▸ Work request
Output exactly, and only, the lines below from the one with "Black Hanging Photo" down to the one with "4pcs 350ml olive - olive, oil". Include both end lines and no pictures.

Raw data section start

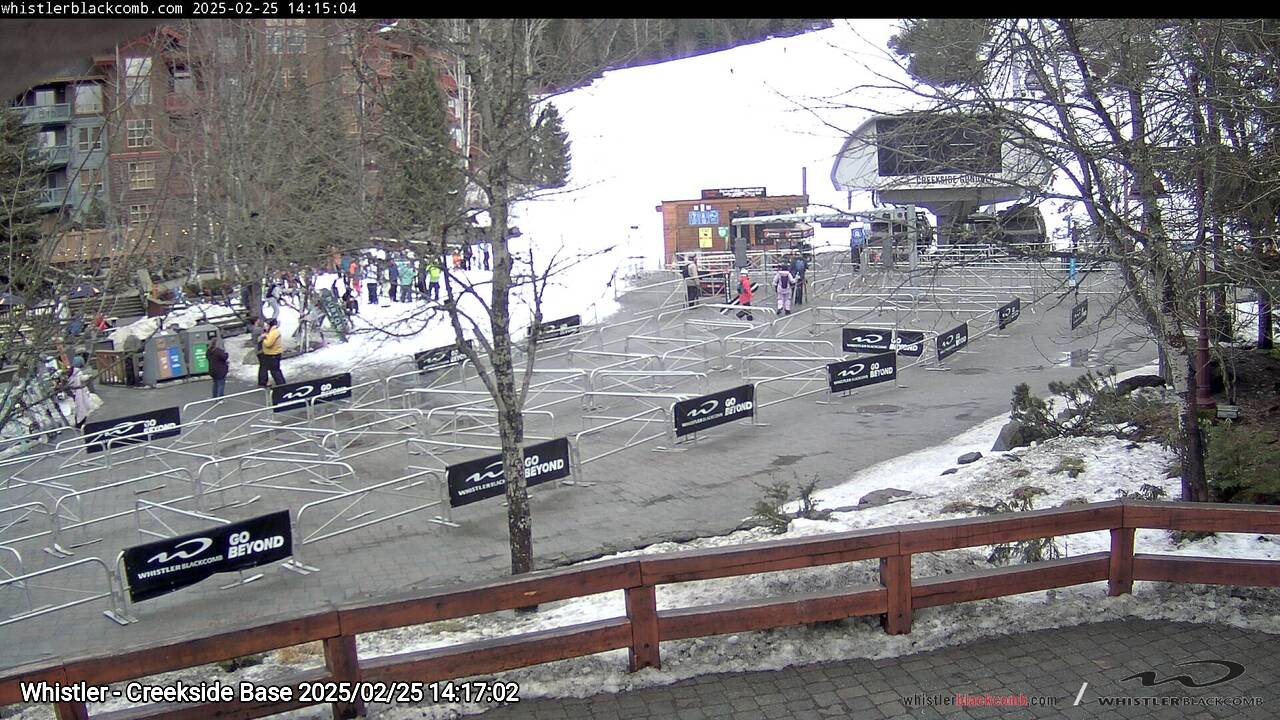 Webcam frame from Whistler - Creekside Base on 2025/02/25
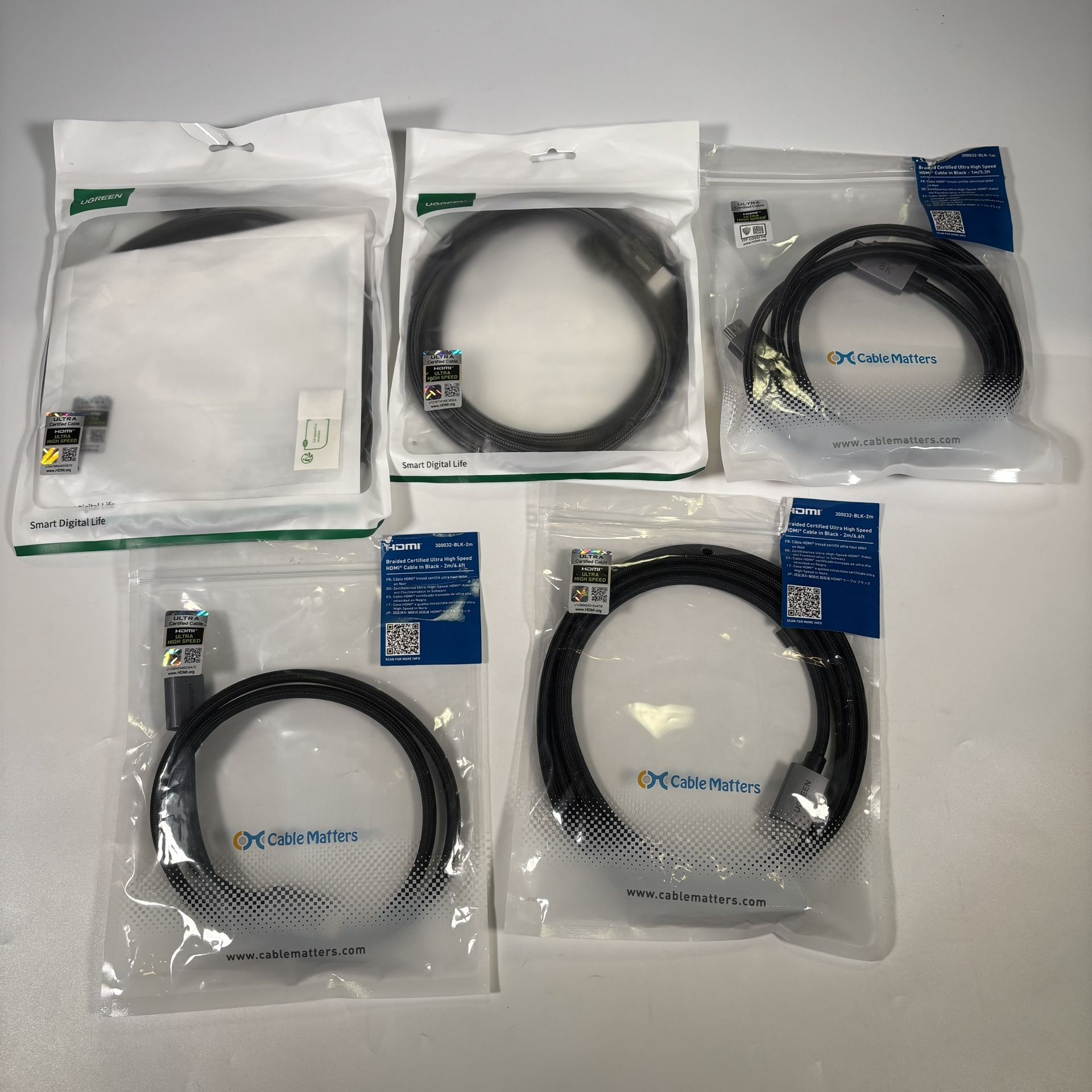 New hdmi cable Lot UGREEN Cable Aluminum 8K 2M Cable Matters Braided Certified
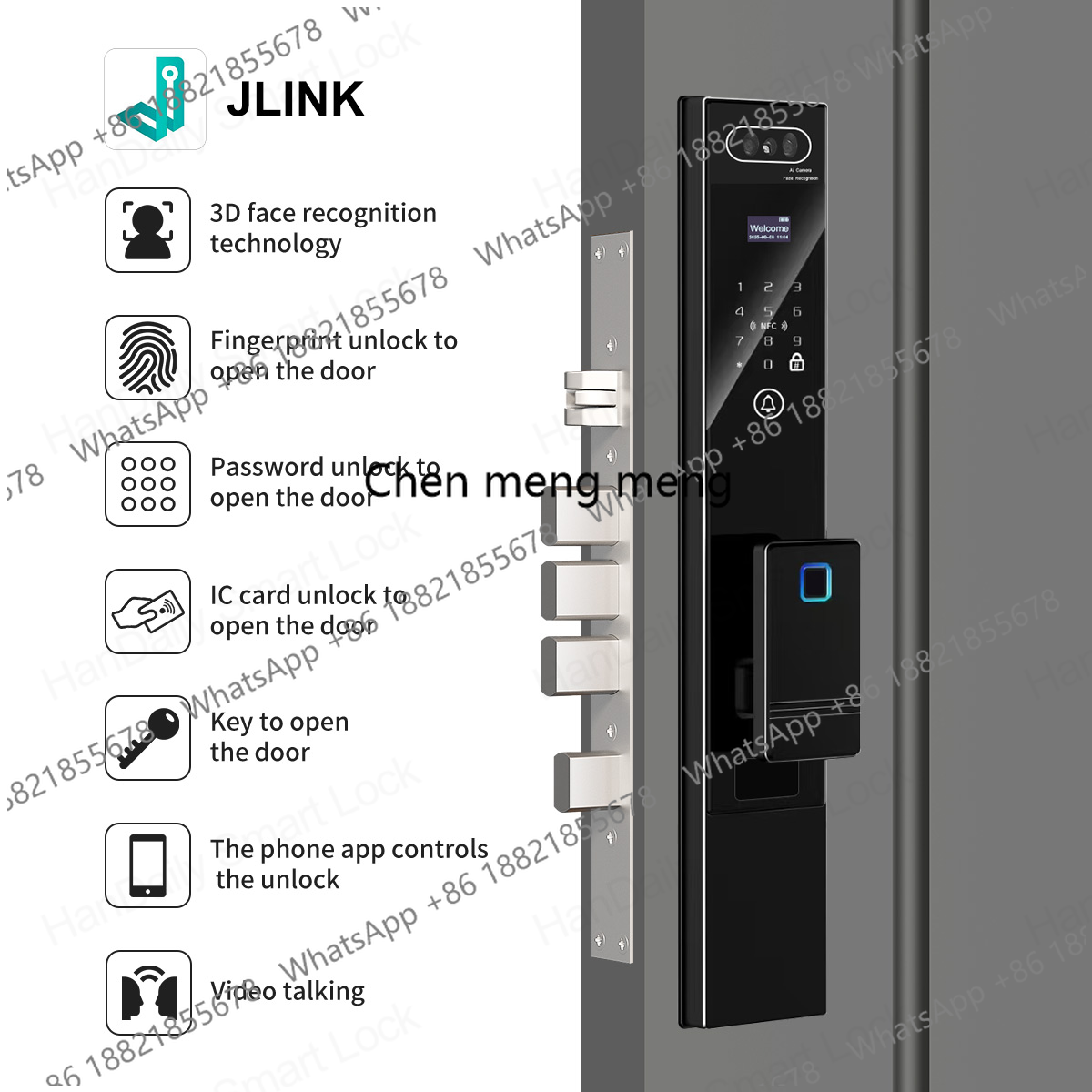 Handaily Fingerprint Video Int - đánh giá và giá Smart Home Video Doorbell Installation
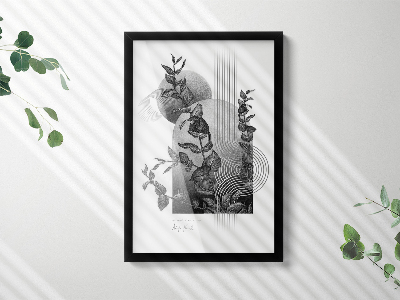 Black Hanging Photo Frame 16x24 inch (40x60 cm)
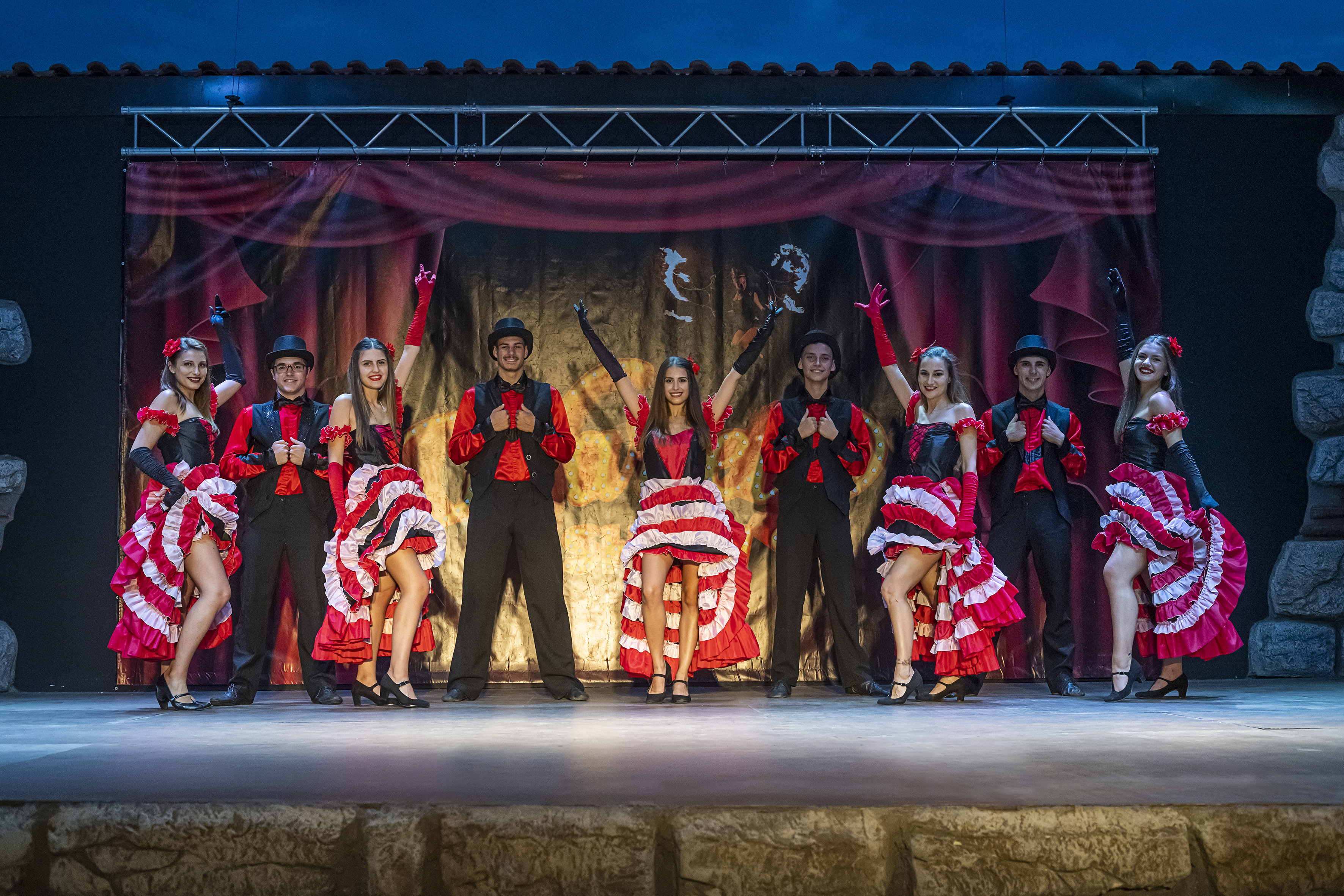 a group of people on a stage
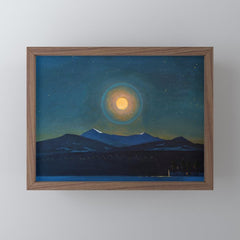 "Moonlight, Winter" by Rockwell Kent (1940) Mini Art Print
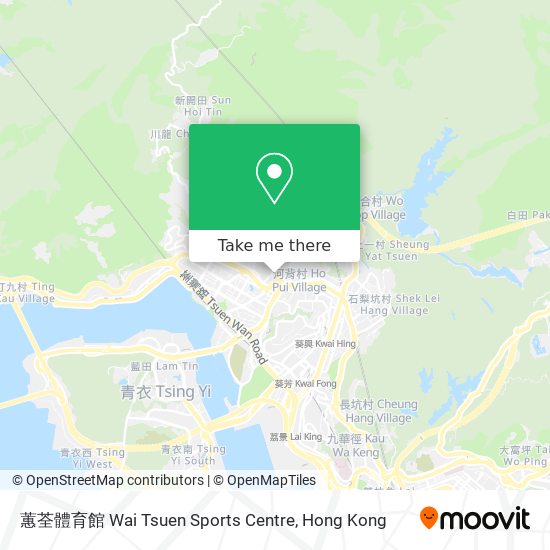 蕙荃體育館 Wai Tsuen Sports Centre map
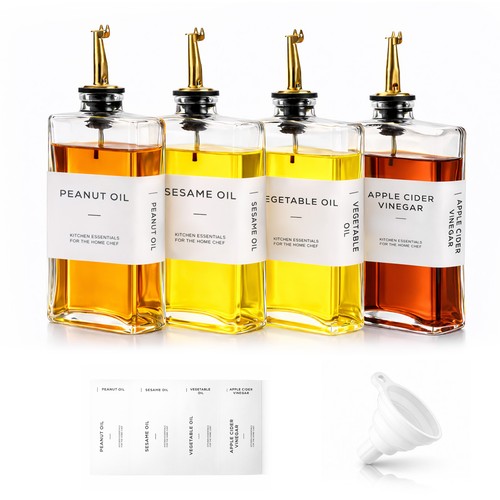 4pcs 350ml olive - olive, oil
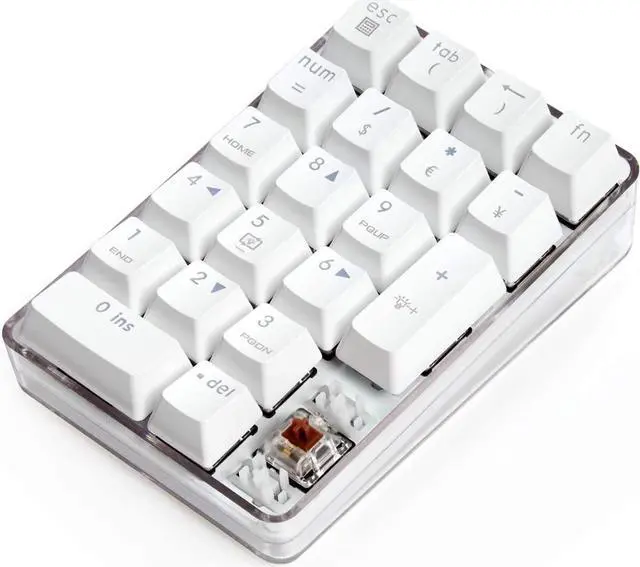Main image of Mechanical Numeric Keypad Brown Switch Gaming Keypad 21 Keys Mini Numpad Portable Keypad Wired Number Pad for iMac Laptop PC MacBook Notebook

Raw data section end

▸ Solution to this problem
 Black Hanging Photo Frame 16x24 inch (40x60 cm)
 a group of people on a stage
 "Moonlight, Winter" by Rockwell Kent (1940) Mini Art Print
 蕙荃體育館 Wai Tsuen Sports Centre map
 4pcs 350ml olive - olive, oil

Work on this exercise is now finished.